40. The final evaluation of whether the interference is necessary remains subject to review by the Court in order to ascertain conformity with the requirements of the Convention. A margin of appreciation must be left to the competent national authorities in this connection. The breadth of this margin varies and depends on a number of factors, including the nature of the Convention right in issue, its importance for the individual, the nature of the interference and the object pursued by the interference (see S. and Marper, cited above, § 102). The Court has on many occasions stressed that it was aware that States faced particular challenges posed by terrorism and terrorist violence (see, mutatis mutandis, Brogan and Others v. the United Kingdom, 29 November 1988, § 61, Series A no. 145‑B; Öcalan v. Turkey [GC], no. 46221/99, §§ 104, 192-196, ECHR 2005‑IV; Ramirez Sanchez v. France [GC], no. 59450/00, §§ 115-116, ECHR 2006‑IX; and Finogenov and Others v. Russia, nos. 18299/03 and 27311/03, § 212, ECHR 2011 (extracts)). The margin will tend to be narrower where the right at stake is crucial to the individual’s effective enjoyment of intimate or key rights (see Connors v. the United Kingdom, no. 66746/01, § 82, 27 May 2004, with further references). Where a particularly important facet of an individual’s existence or identity is at stake, the margin allowed to the State will be restricted (see Evans v. the United Kingdom [GC], no. 6339/05, § 77, ECHR 2007‑I).
(β) Application of these principles
41. In order to address the question whether the measure taken in respect of the applicants in relation to the body of Isa Kushtov was proportionate to the legitimate aims that it was supposed to pursue, and whether the reasons given by the national authorities were “relevant and sufficient”, the Court must examine whether the Russian authorities took sufficient account of the particular nature of the case and whether the adopted measure, in the context of their margin of appreciation, was justified in view of the relevant circumstances of the case.
42. In doing so, the Court is prepared to take account of various events preceding the decision of 11 October 2006, including the track record of Shamil Basayev, and the fact that the threat of further attacks or clashes between various ethnic and religious groups residing in that particular region of the Northern Caucasus was quite serious. However, the use of the measure in question must be explained and justified convincingly in each individual case (see, mutatis mutandis, Nada, cited above, § 186).
43. The Court would note at the outset as regards the applicants’ criticism of the allegedly excessive breadth of some of the notions and other alleged defects in the applicable pieces of the legislation that in cases arising from individual petitions its task is usually not to review the relevant legislation or a particular practice in the abstract. Instead, it must confine itself as far as possible, without losing sight of the general context, to examining the issues raised by the case before it. Here, therefore, the Court’s task is not to review, in abstracto, the compatibility with the Convention of the above rule, but to determine, in concreto, the effect of the interference on the applicants’ right to private and family life (see, as a recent authority, Nejdet Şahin and Perihan Şahin v. Turkey [GC], no. 13279/05, §§ 68-70, 20 October 2011).

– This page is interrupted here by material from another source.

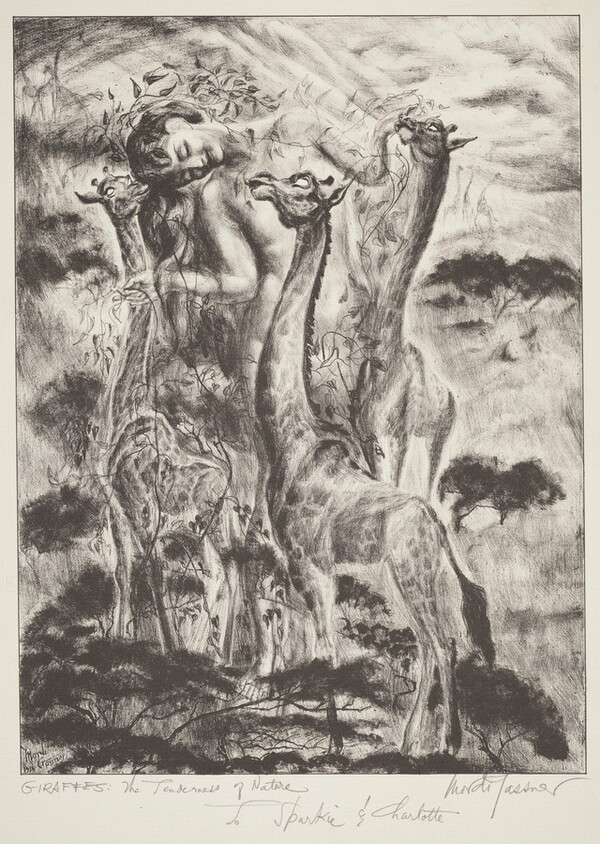 Giraffes: The Tenderness of Nature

44. Turning to the circumstances of the present case, the Court notes that as a result of the decision of 11 October 2006 the applicants were deprived of an opportunity, otherwise guaranteed to the close relatives of any deceased person in Russia, to organise and take part in the burial of the body of a deceased family member and also to ascertain the location of the gravesite and to visit it subsequently (see Sabanchiyeva and Others, cited above, § 65 about the relevant provisions of the Interment and Burial Act). The Court finds that the interference with the applicants’ Article 8 rights resulting from the said measure was particularly severe in that it completely precluded them from any participation in the relevant funeral ceremony and involved a ban on the disclosure of the location of the grave, thus permanently cutting the links between the applicants and the location of the deceased’s remains. In this connection the Court would also refer to the practice of various international institutions which in cases involving the application of similar measures considered such interference with the applicants’ rights as particularly severe (see Sabanchiyeva and Others, cited above, §§ 92-96).
45. The Court further observes that the investigation established that Isa Kushtov participated in the armed insurgency as a member of Shamil Basayev’s terrorist group (see paragraph 14 above). Having examined the materials in the case file, the Court is prepared to use these factual findings in its further analysis.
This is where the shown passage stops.